You are given a 2D integer array points where points[i] = [xi, yi] represents the coordinates of the ith point on the Cartesian plane.
Return the number of unique trapezoids that can be formed by choosing any four distinct points from points.
Atrapezoid is a convex quadrilateral with at least one pair of parallel sides. Two lines are parallel if and only if they have the same slope.
Example 1:
Input:points = [[-3,2],[3,0],[2,3],[3,2],[2,-3]]
Output:2
Explanation:
There are two distinct ways to pick four points that form a trapezoid:
The points [-3,2], [2,3], [3,2], [2,-3] form one trapezoid.

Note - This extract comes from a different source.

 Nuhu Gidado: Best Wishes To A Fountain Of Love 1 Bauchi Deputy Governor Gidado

The points [2,3], [3,2], [3,0], [2,-3] form another trapezoid.
Example 2:
Input:points = [[0,0],[1,0],[0,1],[2,1]]
Output:1
Explanation:
There is only one trapezoid which can be formed.
Constraints:
4 <= points.length <= 500
–1000 <= xi, yi <= 1000
All points are pairwise distinct.
Solutions
Solution 1: Hash Table + Enumeration
We can combine all points pairwise, calculate the slope and intercept of the line corresponding to each pair of points, record them using a hash table, and calculate the sum of the number of pairs formed by lines with the same slope but different intercepts. Note that for parallelograms, we will count them twice in the above calculation, so we need to subtract them.
The diagonals of a parallelogram share the same midpoint. Therefore, we also combine all points pairwise, calculate the midpoint coordinates and slope of each pair of points, record them using a hash table, and calculate the sum of the number of pairs formed by point pairs with the same slope and the same midpoint coordinates.

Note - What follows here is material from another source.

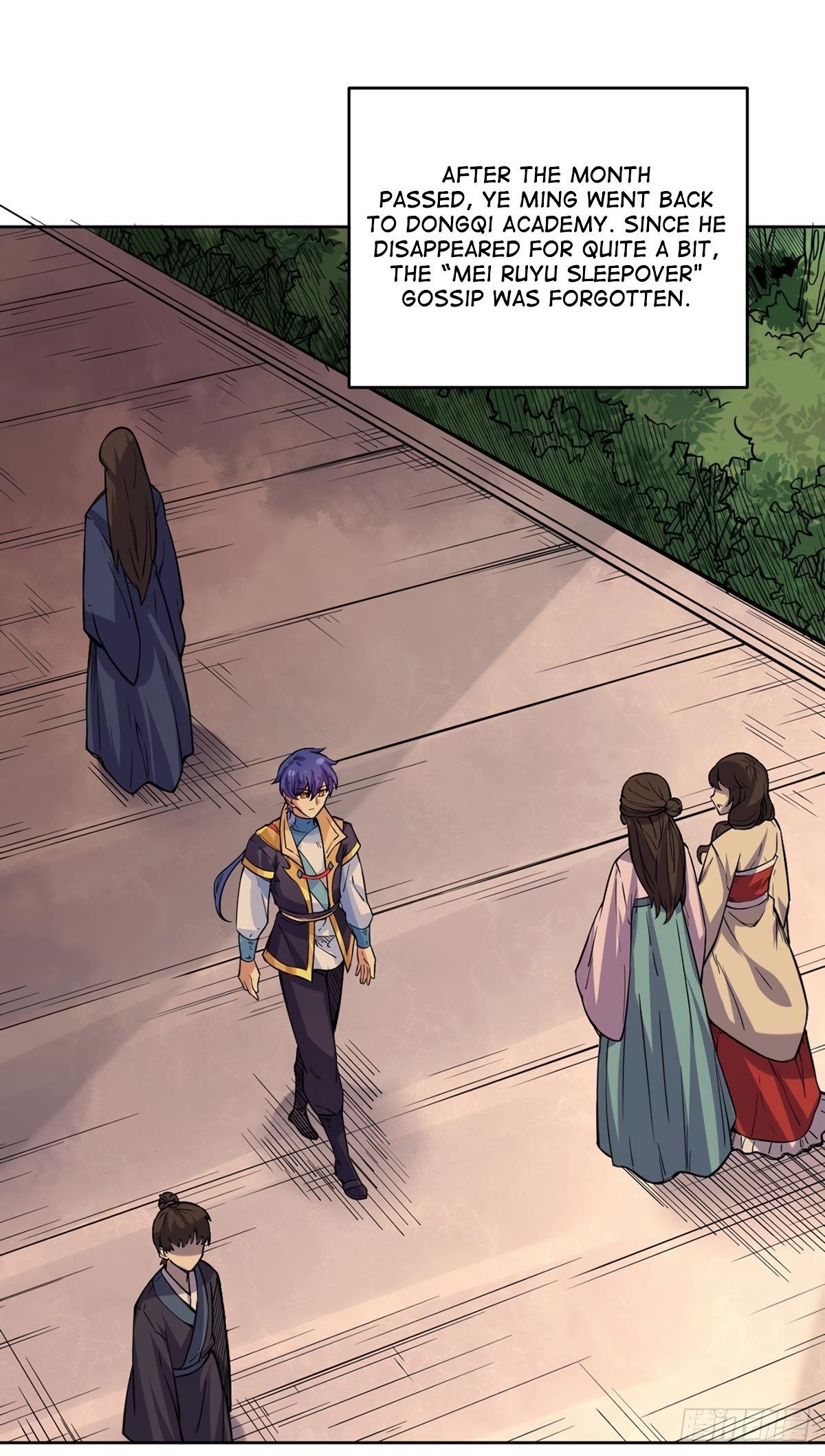 Martial Arts Reigns Chapter 226 - Manhwa18.com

Specifically, we use two hash tables \(\textit{cnt1}\) and \(\textit{cnt2}\) to record the following information:
\(\textit{cnt1}\) records the number of occurrences of slope \(k\) and intercept \(b\), with the key being the slope \(k\) and the value being another hash table that records the number of occurrences of intercept \(b\);
\(\textit{cnt2}\) records the number of occurrences of the midpoint coordinates and slope \(k\) of point pairs, with the key being the midpoint coordinates \(p\) of the point pair and the value being another hash table that records the number of occurrences of slope \(k\).
For a point pair \((x_1, y_1)\) and \((x_2, y_2)\), we denote \(dx = x_2 - x_1\) and \(dy = y_2 - y_1\). If \(dx = 0\), it means the two points are on the same vertical line, and we denote the slope \(k = +\infty\) and the intercept \(b = x_1\); otherwise, the slope \(k = \frac{dy}{dx}\) and the intercept \(b = \frac{y_1 \cdot dx - x_1 \cdot dy}{dx}\). The midpoint coordinates \(p\) of the point pair can be expressed as \(p = (x_1 + x_2 + 2000) \cdot 4000 + (y_1 + y_2 + 2000)\), where the offset is added to avoid negative numbers.

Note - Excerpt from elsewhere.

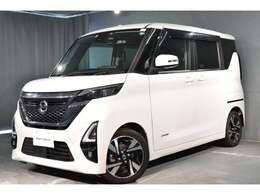 ★人気の軽四ルークスが入庫してきました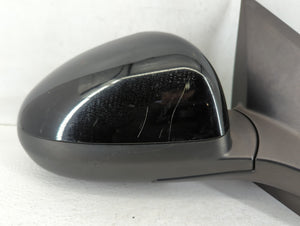 2012-2019 Chevrolet Sonic Side Mirror Replacement Passenger Right View Door Mirror P/N:E11026673 Fits OEM Used Auto Parts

Next, we iterate through all point pairs, calculate the corresponding slope \(k\), intercept \(b\), and midpoint coordinates \(p\), and update the hash tables \(\textit{cnt1}\) and \(\textit{cnt2}\).
Then, we iterate through the hash table \(\textit{cnt1}\). For each slope \(k\), we calculate the sum of all pairwise combinations of the occurrence counts of intercept \(b\) and add it to the answer. Finally, we iterate through the hash table \(\textit{cnt2}\). For each midpoint coordinate \(p\), we calculate the sum of all pairwise combinations of the occurrence counts of slope \(k\) and subtract it from the answer.
The time complexity is \(O(n^2)\) and the space complexity is \(O(n^2)\), where \(n\) is the number of points.